Are you looking to specialise at any perticular distance? If you've got a distance in mind and want to be the best you can be at it you'll set your plan around that. Looking at your times I take it you prefer the 10's?


----------



## Cuchilo (1 Sep 2018)

I prefer 25's for open event , only really do 10's as my club runs them in the evening . 
The answer to your question is no , no target distance . Fast at all of them and then maybe look at going for other events .


----------



## Ming the Merciless (25 Nov 2018)

After a break and not much riding over last four weeks I jumped on Turbo for first time since April. (I tend to reserve turbo for colder months). No FTP retest or target just took one of my lower volume base workouts (after warmup) to see where I am at. It wasn't too bad and enjoyed listening to a IWPR podcast whilst riding. Managed to do all the intervals and complete it. Normalised power 185 watts which is not suprisingly lower than where I have been over summer but I happy enough to be there given my lack of recent hard riding and deliberate break. Main thing was I enjoyed the session and had a good workout.

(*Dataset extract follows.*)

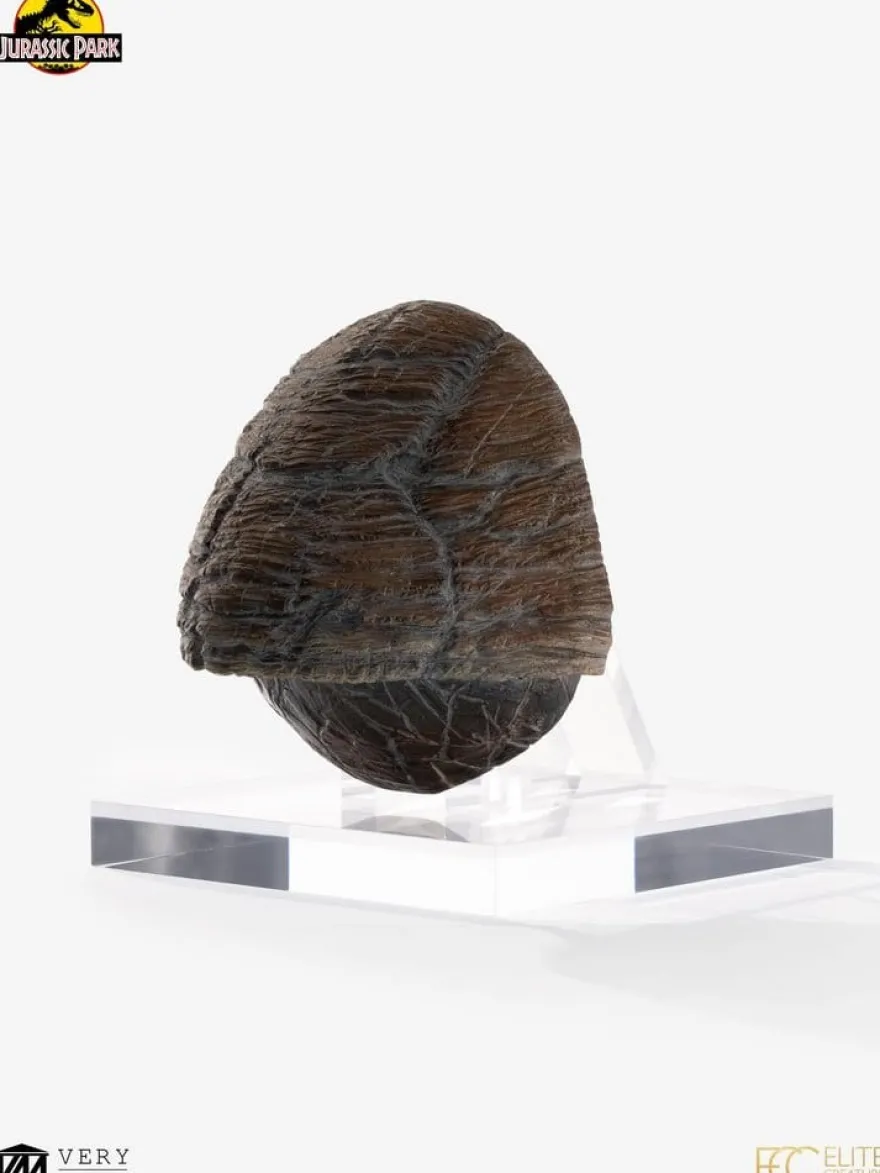 Jurassic Park 1/1 Replik Triceratops Toenail 16 cm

Maybe time to start a Structured training 2019 thread. I am going to spend the next couple of weeks getting used to turbo again, with a ftp retest at end of that. Plus I will start to put together a plan starting with a new base period.


----------



## Heltor Chasca (25 Nov 2018)

I had a crazy TR work out on Friday. (Spanish Needle) 1h 30 mins at 150% of ftp consisting of 99 sprints! Nuts. Completely nuts, but I did it and even achieved my highest surge of 716 watts.

My daughter had to watch Dan TDM with her headphones on.


----------



## HLaB (25 Nov 2018)

Got health sorted last month and did an FTP test on Thursday night to see where I was. Well that was the plan but I had a sore stomach keeping me up the night before and got out to a p'ture after work so I only had time for a couple of pieces of Soreen. So on a near empty and stomach and pacing myself so as not to irritate I ended up with 228w (241w for 20mins) which was only 27w below my best and this was without my HR going into zone 5 and only 87% intensity so I was pretty happy. It seems to have kickstarted my coach into thinking about a training plan. On the Saturday I also went out on his training ride although I did struggle to half way after which I went solo for 8miles and took a short cut  My new avio power meter claimed to do 323w for the 20 min max. Comparing it too my other power meter it reads about 20w higher though so if its correct gives me an outdoor FTP of 288w which is a 33w improvement on the indoor best. The Avio is affected a fair bit by the temperature though but what do you expect for £250. It did seem nice and stable if a little high on the training ride when the temp only varied 1deg.


----------



## huwsparky (26 Nov 2018)

@HLaB - is there a reason you're using two different power meters? Seems kind of odd where consistency of data is literally everything.


----------



## HLaB (26 Nov 2018)

huwsparky said:


> @HLaB - is there a reason you're using two different power meters? Seems kind of odd where consistency of data is literally everything.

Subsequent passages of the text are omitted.